I do want to say, however, that Malz was in the office, at that time, where the reports were dealt with which went up to the higher levels from the lower levels; that is to say, he divided them into the individual fields according to the subject matter, and they were referred to the different agencies.
Q The witness Ferber, on pages 1714 and 1715 of the English transcript, mentions, in addition to the Nurnberg SD leaders, the SD Chief in Regensburg who allegedly received reports of the sessions regularly; furthermore, as to an SD Chief in Amberg, and a trusted man in Cham, that you had told Ferber and your assistant yourself that they were SD people. Of what nature was your relationship to those people?
A Which?
Q He mentioned an SD Chief in Regensburg.
A Oh, yes. I did not know at all where the SD office was situated in Regensburg; therefore, I did not know any member of this SD office either, with the exception of one single case. On the occasion of a court session in Regensburg in which the courtroom was overcrowded, a young man reported to me. He was wearing the uniform of the Waffen-SS but it is possible too that it was the uniform of the SD. He requested permission from me to be allowed to enter the overcrowded courtroom, too.

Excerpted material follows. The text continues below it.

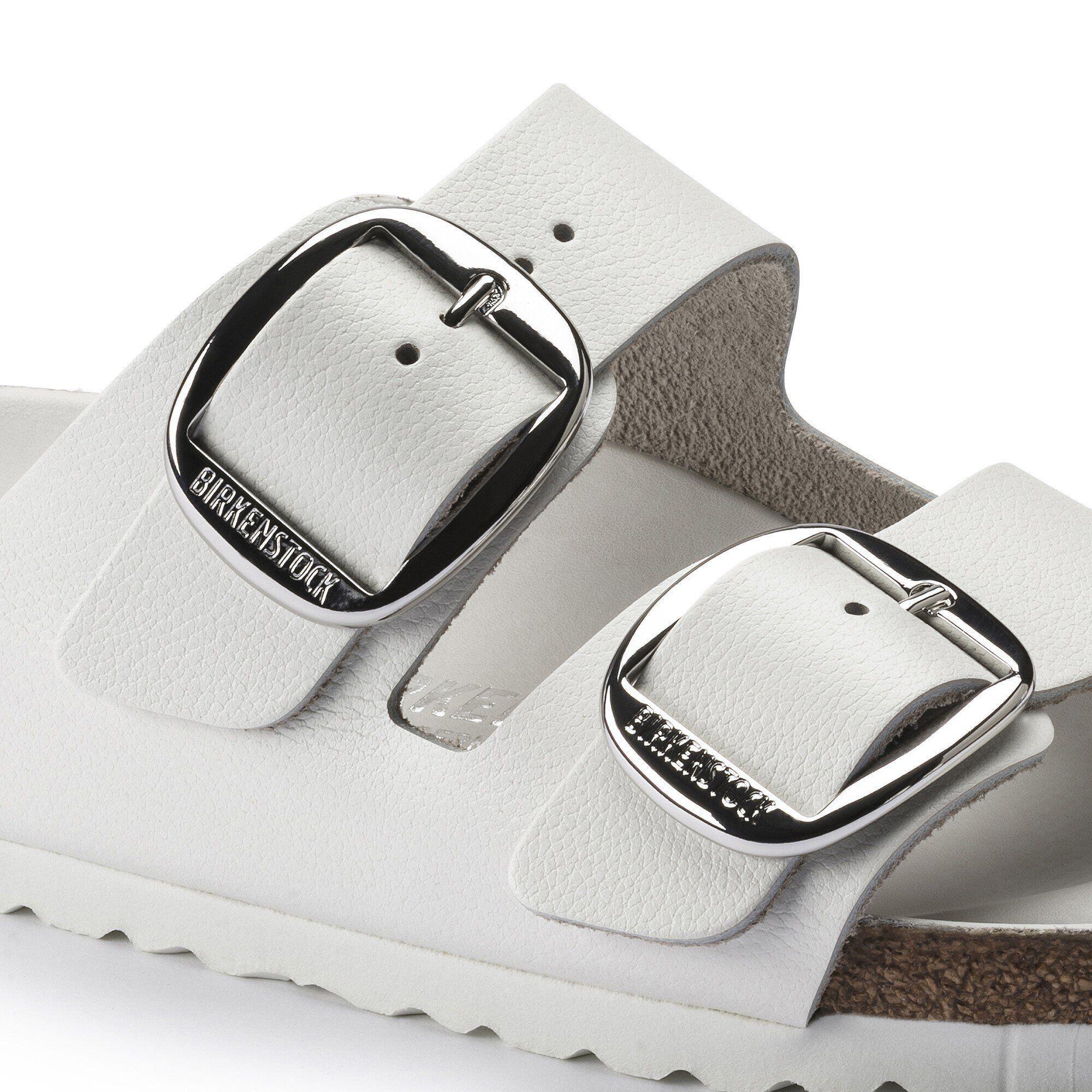 Arizona Big Buckle Natural Leather Product Image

He told me, in making this request, that as a disabled veteran and member of the SS he was working for the SD in Regensburg. Thereupon I asked the chief of the guards to find room for this man in the courtroom.
That is all I had in the way of personal relationships with an SD office that might have existed in Regensburg. That is all I know about it. I don't remember the name of that SD man either, and I never saw him again.
Q What happened to the SD collaborator?
THE PRESIDENT: We are advised that the film is exhausted, and we will take our recess at this time. Fifteen minutes.
(A recess was taken.)
THE MARSHAL: The Tribunal is again in session.
DR. KOESSL:
Q Witness, would you tell us briefly, please, what were your relations with the SD assistant in Amberg and to the agent in Kamm which Feber mentioned?
A. In Amberg, the following occurrence took place, an occurrence which in one way brought me in contact with one SD-man at Amberg. A man in civilian clothes came to see me and wanted to talk to me in the matter of the witness who had been summoned as a witness, at a trial The man told me that he had come from the SD office. The witness had called on him because he found it embarrassing to appear as a witness in a case. The event in question was of the kind that occurs quite frequently. The man was to give information in a political penal case in which he had been interrogated by the police as a witness, and he found that embarrassing. He did not want to appear to be a man who denounces others. As I remember with absolute certainty, he was not the sort of person who denounced others. The police interrogated him because the police were of the opinion that he was bound to have some knowledge, and in fact he did know something. The man from the SD asked me in connection with the examination of this witness, in some way or another, to make it known that that witness -- whose name I no longer remember -- by testifying as a witness was not doing anything dishonorable. I told him that in the proper manner in order to protect that witness, I would prefer to that point, and I did so. That was not only my privilege but it was my duty to act in the manner in which I did act in such a case. There was no question of a person who denounced someone else or even a so-called informer being covered up for in the case. That man from the SD, whose name I no longer remember either, also told me on that occasion, that he would like to draw my attention to conditions which existed at the Hermann Goering Works. The Hermann Goering Works were iron works in the close proximity of Amberg. The "Initpoldhuette" was the name of it.